■ WHAT IS NEEDED ■
Look for the word "レディース" in the material below. Copy each line that has it.

■ PROVIDED DATA ■
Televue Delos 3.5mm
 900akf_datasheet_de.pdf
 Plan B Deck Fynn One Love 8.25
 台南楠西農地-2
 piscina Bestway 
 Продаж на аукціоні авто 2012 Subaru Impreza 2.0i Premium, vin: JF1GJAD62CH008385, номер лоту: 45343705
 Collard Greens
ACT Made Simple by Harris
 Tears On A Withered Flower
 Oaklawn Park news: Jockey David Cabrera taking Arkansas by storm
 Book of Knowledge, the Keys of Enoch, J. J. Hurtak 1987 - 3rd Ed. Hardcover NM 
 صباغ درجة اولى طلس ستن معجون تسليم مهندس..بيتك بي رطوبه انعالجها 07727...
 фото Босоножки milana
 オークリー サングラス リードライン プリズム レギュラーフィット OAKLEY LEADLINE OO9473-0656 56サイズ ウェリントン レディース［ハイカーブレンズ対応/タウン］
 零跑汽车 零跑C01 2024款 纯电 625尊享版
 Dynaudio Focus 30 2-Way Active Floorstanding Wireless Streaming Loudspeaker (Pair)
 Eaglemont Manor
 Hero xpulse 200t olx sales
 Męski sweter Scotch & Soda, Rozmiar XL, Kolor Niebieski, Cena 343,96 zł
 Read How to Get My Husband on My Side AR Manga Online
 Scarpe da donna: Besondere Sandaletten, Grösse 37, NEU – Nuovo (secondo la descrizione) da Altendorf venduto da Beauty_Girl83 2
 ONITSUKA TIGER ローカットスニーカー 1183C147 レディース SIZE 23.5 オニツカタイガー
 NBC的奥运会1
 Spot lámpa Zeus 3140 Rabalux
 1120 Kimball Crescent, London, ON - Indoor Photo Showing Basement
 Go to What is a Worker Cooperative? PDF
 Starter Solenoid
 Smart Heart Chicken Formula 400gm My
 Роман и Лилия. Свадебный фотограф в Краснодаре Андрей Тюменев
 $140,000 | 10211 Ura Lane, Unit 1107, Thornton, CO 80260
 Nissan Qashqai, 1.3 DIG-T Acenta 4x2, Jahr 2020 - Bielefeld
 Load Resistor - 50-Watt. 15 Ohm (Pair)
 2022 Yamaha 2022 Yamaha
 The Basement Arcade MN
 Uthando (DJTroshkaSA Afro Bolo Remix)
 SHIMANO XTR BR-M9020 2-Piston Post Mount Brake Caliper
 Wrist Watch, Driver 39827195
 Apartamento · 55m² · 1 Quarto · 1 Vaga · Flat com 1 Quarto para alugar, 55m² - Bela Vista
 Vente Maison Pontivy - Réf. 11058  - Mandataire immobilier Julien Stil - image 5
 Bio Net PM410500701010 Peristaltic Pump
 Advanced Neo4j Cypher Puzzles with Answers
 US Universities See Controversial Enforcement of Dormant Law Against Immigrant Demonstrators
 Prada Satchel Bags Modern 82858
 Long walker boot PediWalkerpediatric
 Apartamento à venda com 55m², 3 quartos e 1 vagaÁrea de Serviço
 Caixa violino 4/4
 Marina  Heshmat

■ SOLUTION FOR THIS PROBLEM ■
 オークリー サングラス リードライン プリズム レギュラーフィット OAKLEY LEADLINE OO9473-0656 56サイズ ウェリントン レディース［ハイカーブレンズ対応/タウン］
 ONITSUKA TIGER ローカットスニーカー 1183C147 レディース SIZE 23.5 オニツカタイガー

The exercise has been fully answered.